Oh, my goodness how nice it is to see him. I’ve seen a few old friends along the way and made many new ones but I hadn’t seen anyone from my immediate, loving, fabulous circle of Sydney friends for 78 days (when Jim and Vickianne saw me off at the airport) and now, here, was one of my besties and someone I’ve known for 27 years. I think I got a little teary.

Shifting Attitude, Celebrating Art at the Arts Festival: Saturday 8 August 2015 (Day 76)

Saturday 8 August, 6:30 pm – Langston House Hotel (Kilkenny)

Attitude. It’s really a bit about attitude. I’m here. Doing this. Be here. Do this. I’ll sort the rest as it comes. I’ve made decisions which, now made, are as they will be. I’ll be in Ireland until 22 August. Deal with it. Enjoy it.

So, I’ve had a pretty full day with the festival.

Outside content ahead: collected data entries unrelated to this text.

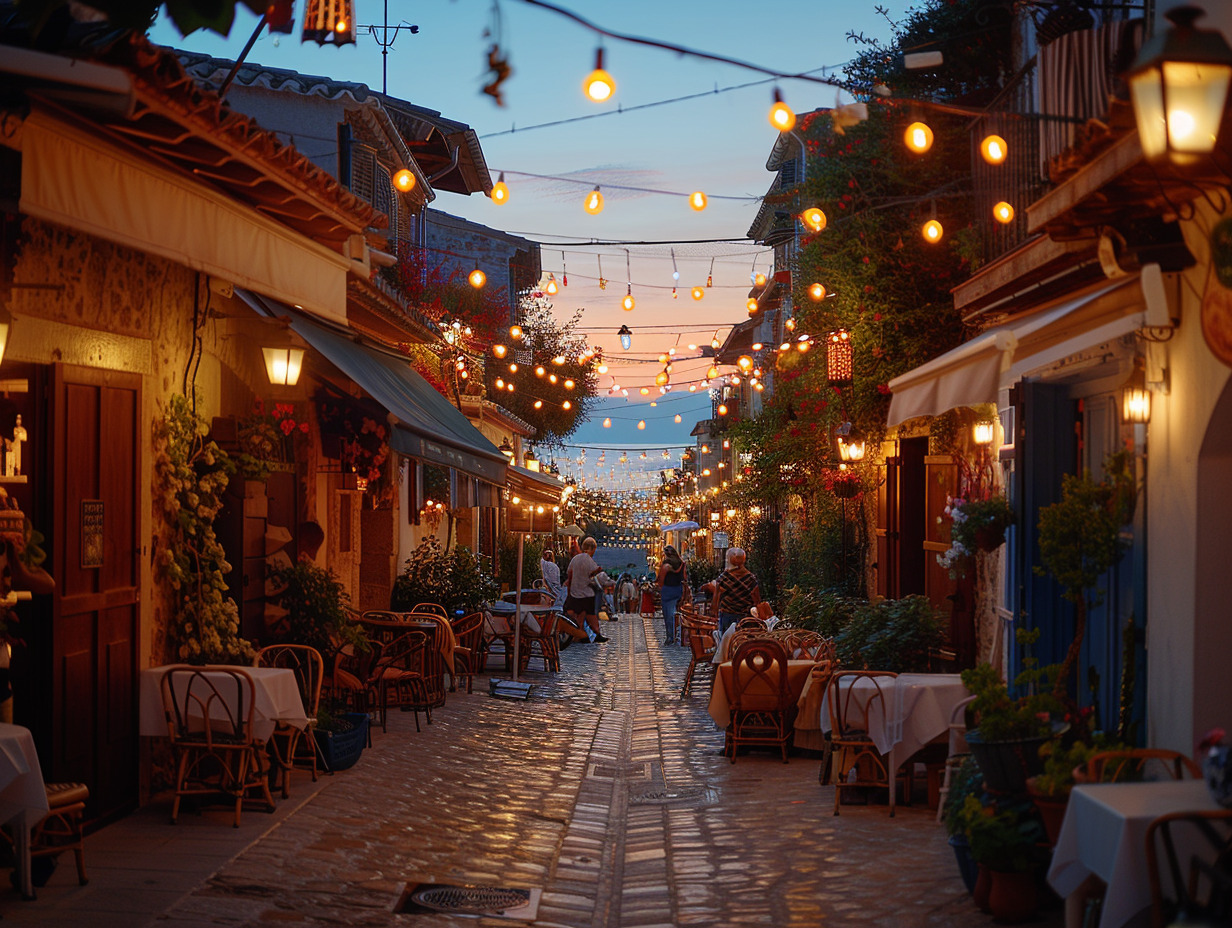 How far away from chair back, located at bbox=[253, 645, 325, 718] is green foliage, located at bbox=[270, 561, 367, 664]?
178 mm

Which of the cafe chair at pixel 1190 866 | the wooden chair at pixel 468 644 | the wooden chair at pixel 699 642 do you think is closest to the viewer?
the cafe chair at pixel 1190 866

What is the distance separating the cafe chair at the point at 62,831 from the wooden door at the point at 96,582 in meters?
0.75

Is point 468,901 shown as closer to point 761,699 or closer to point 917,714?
point 917,714

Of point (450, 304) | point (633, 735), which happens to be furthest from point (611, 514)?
point (633, 735)

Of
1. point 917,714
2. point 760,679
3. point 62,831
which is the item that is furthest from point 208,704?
point 760,679

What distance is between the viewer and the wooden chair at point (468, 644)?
50.4 feet

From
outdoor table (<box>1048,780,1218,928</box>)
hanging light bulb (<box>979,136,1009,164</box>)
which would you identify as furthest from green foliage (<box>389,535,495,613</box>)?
outdoor table (<box>1048,780,1218,928</box>)

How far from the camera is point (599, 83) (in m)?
7.46

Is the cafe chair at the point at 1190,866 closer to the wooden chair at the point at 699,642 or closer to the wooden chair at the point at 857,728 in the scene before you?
the wooden chair at the point at 857,728

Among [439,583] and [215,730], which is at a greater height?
[439,583]

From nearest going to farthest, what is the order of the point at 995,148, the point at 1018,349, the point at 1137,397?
the point at 1137,397 → the point at 1018,349 → the point at 995,148

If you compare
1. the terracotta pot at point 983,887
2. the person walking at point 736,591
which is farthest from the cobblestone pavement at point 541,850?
the person walking at point 736,591

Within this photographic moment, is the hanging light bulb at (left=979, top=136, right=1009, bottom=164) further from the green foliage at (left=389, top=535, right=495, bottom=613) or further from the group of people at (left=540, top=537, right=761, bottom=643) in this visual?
the green foliage at (left=389, top=535, right=495, bottom=613)

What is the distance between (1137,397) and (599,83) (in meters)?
3.68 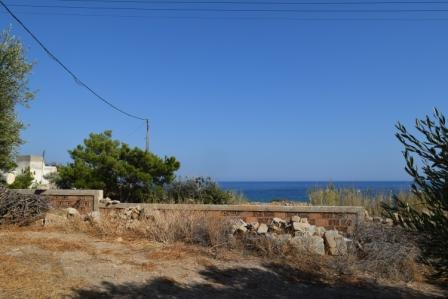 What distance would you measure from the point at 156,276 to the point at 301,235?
353 centimetres

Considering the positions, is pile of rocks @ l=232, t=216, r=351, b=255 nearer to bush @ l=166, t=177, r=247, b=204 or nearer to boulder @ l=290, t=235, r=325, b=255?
boulder @ l=290, t=235, r=325, b=255

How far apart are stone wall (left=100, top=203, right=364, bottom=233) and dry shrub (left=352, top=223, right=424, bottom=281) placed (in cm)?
176

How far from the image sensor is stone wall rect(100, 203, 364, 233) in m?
11.9

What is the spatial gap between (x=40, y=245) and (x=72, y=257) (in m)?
1.25

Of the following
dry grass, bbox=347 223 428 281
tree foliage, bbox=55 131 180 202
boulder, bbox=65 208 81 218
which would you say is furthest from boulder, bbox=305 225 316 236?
tree foliage, bbox=55 131 180 202

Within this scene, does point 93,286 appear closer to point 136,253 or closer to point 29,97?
point 136,253

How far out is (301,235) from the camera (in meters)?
10.0

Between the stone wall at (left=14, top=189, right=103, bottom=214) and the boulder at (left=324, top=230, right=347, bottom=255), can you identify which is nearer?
the boulder at (left=324, top=230, right=347, bottom=255)

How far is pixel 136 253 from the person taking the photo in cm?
923

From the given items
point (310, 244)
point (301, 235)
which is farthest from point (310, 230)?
point (310, 244)

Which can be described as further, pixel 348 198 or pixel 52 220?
pixel 348 198

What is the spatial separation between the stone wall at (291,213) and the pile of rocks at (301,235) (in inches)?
48.2

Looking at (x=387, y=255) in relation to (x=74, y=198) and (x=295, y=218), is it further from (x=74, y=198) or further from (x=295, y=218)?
(x=74, y=198)

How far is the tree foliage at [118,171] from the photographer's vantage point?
1706cm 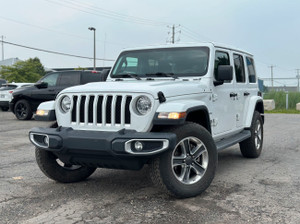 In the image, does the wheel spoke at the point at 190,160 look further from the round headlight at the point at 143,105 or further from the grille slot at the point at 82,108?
the grille slot at the point at 82,108

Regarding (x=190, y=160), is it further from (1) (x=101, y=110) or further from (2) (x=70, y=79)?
(2) (x=70, y=79)

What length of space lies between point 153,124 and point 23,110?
38.4 ft

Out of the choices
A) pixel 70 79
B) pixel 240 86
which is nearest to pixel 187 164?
pixel 240 86

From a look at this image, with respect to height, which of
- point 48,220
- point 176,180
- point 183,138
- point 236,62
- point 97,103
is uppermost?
point 236,62

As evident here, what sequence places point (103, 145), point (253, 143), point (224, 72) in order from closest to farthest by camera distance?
point (103, 145), point (224, 72), point (253, 143)

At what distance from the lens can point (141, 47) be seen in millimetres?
5938

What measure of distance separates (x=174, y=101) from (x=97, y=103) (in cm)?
86

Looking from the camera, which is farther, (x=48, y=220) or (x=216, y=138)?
(x=216, y=138)

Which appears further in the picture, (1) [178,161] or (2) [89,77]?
(2) [89,77]

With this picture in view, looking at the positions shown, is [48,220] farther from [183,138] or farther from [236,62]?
[236,62]

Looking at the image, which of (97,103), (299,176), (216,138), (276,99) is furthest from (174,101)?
(276,99)

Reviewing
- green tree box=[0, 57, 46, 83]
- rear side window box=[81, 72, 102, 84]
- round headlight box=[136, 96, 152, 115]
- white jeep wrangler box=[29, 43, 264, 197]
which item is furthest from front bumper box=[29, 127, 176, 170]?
green tree box=[0, 57, 46, 83]

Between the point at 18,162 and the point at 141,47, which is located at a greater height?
the point at 141,47

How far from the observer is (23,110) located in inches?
577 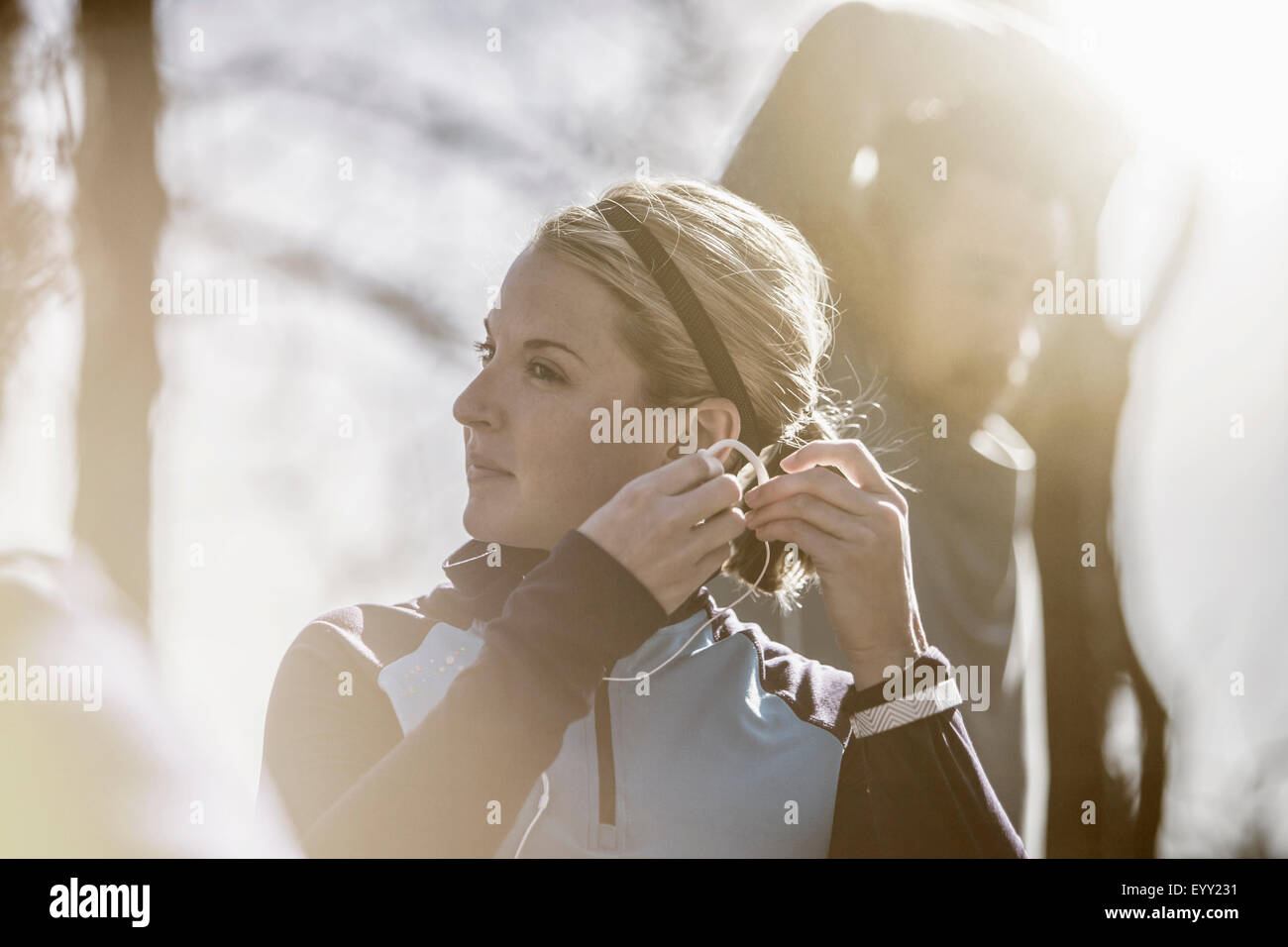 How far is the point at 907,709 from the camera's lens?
1.33 meters

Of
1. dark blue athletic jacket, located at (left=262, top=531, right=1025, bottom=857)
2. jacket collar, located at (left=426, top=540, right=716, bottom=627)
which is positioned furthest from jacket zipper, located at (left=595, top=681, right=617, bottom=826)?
jacket collar, located at (left=426, top=540, right=716, bottom=627)

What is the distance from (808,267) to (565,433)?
25.2 inches

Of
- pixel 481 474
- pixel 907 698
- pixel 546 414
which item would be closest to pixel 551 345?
pixel 546 414

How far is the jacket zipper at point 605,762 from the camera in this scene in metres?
1.36

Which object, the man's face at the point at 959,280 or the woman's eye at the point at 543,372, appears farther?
the man's face at the point at 959,280

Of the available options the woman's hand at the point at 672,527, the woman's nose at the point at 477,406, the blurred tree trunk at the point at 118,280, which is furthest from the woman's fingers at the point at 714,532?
the blurred tree trunk at the point at 118,280

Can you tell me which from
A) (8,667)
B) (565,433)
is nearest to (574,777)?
(565,433)

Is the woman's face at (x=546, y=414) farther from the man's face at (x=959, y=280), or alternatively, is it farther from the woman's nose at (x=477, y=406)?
the man's face at (x=959, y=280)

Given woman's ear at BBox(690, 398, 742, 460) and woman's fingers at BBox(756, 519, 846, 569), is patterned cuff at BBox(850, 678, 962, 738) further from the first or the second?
woman's ear at BBox(690, 398, 742, 460)

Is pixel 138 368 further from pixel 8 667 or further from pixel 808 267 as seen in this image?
pixel 808 267

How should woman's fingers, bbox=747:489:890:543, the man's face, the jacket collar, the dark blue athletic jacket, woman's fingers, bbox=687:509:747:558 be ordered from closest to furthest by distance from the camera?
the dark blue athletic jacket < woman's fingers, bbox=687:509:747:558 < woman's fingers, bbox=747:489:890:543 < the jacket collar < the man's face

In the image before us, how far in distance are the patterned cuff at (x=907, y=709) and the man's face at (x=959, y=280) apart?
3.77 feet

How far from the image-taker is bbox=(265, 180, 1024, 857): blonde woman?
3.73 feet

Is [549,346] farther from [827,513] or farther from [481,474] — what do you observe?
[827,513] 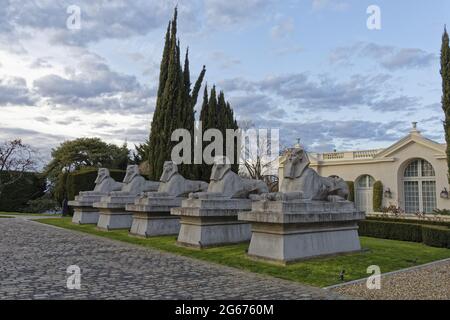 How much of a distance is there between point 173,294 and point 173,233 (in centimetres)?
869

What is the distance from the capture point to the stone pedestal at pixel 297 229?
9203 mm

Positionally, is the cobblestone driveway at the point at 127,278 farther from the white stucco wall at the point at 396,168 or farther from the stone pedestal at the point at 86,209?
the white stucco wall at the point at 396,168

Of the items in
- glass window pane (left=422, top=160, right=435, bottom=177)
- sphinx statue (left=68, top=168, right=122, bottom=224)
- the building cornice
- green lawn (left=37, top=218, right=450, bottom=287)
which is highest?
the building cornice

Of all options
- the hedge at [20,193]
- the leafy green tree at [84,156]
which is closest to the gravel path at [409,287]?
the hedge at [20,193]

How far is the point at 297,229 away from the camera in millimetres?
9484

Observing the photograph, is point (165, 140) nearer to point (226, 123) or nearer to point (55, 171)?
point (226, 123)

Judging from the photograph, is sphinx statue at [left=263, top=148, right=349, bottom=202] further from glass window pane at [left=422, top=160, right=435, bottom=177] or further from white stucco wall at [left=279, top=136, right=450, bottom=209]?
glass window pane at [left=422, top=160, right=435, bottom=177]

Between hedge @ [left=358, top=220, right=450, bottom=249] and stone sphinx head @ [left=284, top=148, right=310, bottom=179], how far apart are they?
5.62 meters

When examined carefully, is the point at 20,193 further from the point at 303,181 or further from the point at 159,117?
the point at 303,181

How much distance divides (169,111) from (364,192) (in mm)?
17919

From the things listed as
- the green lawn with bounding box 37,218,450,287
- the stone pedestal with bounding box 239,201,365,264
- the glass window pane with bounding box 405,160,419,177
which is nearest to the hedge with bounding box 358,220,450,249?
the green lawn with bounding box 37,218,450,287

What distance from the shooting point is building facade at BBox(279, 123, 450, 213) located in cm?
2783

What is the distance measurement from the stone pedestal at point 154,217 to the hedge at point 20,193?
2515cm

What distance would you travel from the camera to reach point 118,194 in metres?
17.6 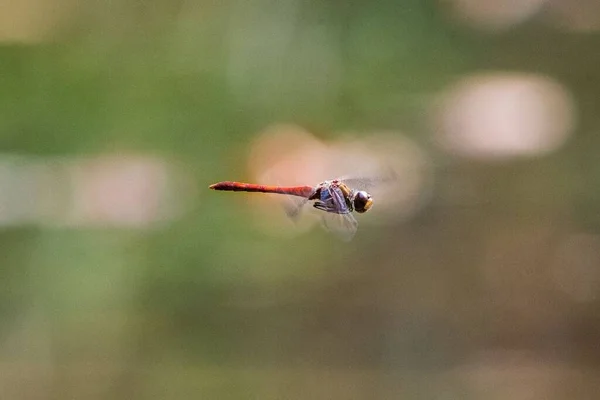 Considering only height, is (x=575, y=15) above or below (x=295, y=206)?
above

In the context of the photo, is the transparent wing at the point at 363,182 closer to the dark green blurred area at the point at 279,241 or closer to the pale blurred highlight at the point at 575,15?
the dark green blurred area at the point at 279,241

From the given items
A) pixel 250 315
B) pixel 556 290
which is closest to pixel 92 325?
pixel 250 315

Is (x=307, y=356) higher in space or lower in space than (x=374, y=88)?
lower

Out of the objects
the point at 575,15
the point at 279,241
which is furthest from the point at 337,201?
the point at 575,15

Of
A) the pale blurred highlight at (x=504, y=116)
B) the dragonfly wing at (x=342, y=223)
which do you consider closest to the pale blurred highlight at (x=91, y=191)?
the pale blurred highlight at (x=504, y=116)

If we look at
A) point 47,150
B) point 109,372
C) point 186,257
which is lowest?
point 109,372

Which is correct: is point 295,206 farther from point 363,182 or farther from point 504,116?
point 504,116

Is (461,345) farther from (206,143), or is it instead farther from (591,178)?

I helped Cornelia with this and that before completing a 3 ½ hour shift at Cleary Connolly’s Meta-Perceptual Helmets – which was actually quite good. I met the artists. They are former architects. The project is about how we’d see the world differently with different eyes. They’ve designed a heap, but only made these five so far. They are aluminium and sleek, shiny, with a back like a time-trial helmet with optical contraptions which allow the wearer to see the world like a … cat, horse, giraffe, hammerhead shark, chameleon. It’s set up in the garden of Rothe House.

When my shift ended, I made my way to the Cathedral to find Cornelia and continue to be helpful.

Concert at the Cathedral
Concert at the Cathedral

At the tail end of the day I caught a bit of the beautiful performance by Toumani & Sidiki Diabate

Utterly gorgeous.

This isn’t from Kilkenny but give you a good taste of their work.

Be Here Now, Be Here Now, Repeat: Friday 7 August 2015 (Day 75)

Kilkenny and County Carlow:

What am I thinking? Why am I here?

I feel like the trip has come off the rails a little bit and that I’m stuck in Kilkenny-ish. The ish being stuck-ish.

I feel like maybe I’m spending more time in Ireland than I need to. Though it is pleasant and relatively cheap and filling non-Schengen time. And I’m making decisions and having realisations.

I’ve  gotten an hour’s work done today and otherwise just been … in a town I was bored with after the first hour a week ago. I feel I’ve made mistakes that have me here – to an Irish bog. I want to magically be back on the Continent and pedalling on to a next destination. And I feel like I can’t expedite that process, having said ‘yes’ to helping, and ‘yes’ to wanting to wait for Jim, and having made plans for the North, and have booked my ferry. It would all be fine if I was also having days like I had in Florence – productive.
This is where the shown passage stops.